> **EXERCISE GOAL**: Scan the entries below for the word "Mercedes" and copy every line in which it occurs.

> **GIVEN RECORDS**:

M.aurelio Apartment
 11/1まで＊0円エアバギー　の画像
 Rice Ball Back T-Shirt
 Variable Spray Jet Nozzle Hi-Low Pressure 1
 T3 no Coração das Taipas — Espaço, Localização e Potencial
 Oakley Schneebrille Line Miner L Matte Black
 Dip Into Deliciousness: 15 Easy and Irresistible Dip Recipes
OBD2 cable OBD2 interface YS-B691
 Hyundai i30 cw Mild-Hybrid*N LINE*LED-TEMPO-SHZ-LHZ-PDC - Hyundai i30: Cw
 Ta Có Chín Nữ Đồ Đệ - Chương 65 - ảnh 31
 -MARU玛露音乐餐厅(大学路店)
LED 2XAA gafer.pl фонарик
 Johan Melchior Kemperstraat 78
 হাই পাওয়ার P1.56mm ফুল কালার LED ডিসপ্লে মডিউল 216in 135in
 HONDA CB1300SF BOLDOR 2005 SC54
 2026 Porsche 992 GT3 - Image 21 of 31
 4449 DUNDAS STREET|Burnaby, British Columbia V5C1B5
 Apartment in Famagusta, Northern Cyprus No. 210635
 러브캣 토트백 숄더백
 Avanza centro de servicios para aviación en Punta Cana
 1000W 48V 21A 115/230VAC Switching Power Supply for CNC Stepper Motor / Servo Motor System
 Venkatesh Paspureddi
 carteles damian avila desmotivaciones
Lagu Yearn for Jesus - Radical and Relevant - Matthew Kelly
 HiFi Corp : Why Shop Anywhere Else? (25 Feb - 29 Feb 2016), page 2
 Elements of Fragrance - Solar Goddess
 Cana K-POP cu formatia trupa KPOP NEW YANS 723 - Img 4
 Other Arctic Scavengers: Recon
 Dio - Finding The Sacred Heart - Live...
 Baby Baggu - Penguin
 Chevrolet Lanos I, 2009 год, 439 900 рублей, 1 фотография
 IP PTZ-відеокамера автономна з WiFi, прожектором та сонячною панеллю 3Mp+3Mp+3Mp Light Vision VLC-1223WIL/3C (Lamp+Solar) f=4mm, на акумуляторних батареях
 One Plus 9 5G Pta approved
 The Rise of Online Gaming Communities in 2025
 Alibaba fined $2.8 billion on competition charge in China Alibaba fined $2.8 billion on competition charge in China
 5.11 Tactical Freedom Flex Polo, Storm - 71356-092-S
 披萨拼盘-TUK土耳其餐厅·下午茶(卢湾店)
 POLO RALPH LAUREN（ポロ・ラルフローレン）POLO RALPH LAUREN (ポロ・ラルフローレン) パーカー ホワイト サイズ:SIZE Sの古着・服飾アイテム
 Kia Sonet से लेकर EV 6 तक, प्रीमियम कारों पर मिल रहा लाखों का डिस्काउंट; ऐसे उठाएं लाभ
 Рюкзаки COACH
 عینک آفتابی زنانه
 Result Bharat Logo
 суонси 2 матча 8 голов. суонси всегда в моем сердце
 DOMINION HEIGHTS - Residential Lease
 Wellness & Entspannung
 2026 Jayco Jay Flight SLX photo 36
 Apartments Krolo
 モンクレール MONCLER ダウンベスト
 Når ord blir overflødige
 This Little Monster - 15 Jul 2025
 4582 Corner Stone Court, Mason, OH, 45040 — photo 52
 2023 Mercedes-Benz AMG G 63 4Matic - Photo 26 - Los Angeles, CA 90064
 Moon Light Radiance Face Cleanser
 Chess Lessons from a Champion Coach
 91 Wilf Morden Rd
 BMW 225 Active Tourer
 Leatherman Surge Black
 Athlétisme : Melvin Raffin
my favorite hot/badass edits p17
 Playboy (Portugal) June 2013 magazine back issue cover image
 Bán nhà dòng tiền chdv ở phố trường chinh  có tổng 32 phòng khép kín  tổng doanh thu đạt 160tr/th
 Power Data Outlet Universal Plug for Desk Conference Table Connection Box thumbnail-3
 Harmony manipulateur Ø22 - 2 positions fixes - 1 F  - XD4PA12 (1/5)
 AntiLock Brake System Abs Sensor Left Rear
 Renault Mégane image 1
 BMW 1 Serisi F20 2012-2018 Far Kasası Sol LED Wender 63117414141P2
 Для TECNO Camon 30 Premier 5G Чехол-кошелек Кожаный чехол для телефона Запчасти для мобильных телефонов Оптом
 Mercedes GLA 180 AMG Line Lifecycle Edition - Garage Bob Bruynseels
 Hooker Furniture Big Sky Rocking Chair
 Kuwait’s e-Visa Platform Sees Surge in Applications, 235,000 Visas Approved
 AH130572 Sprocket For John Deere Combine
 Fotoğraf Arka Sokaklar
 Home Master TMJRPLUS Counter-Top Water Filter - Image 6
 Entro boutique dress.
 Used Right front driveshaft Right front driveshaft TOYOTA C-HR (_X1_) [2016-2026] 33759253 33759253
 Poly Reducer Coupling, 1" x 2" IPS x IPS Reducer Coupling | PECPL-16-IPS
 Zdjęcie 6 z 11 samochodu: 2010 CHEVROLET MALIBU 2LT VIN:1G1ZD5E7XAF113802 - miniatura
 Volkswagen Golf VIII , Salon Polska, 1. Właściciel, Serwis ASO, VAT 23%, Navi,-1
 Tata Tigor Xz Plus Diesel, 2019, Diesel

> **SOLUTION TO THIS EXERCISE**:
 2023 Mercedes-Benz AMG G 63 4Matic - Photo 26 - Los Angeles, CA 90064
 Mercedes GLA 180 AMG Line Lifecycle Edition - Garage Bob Bruynseels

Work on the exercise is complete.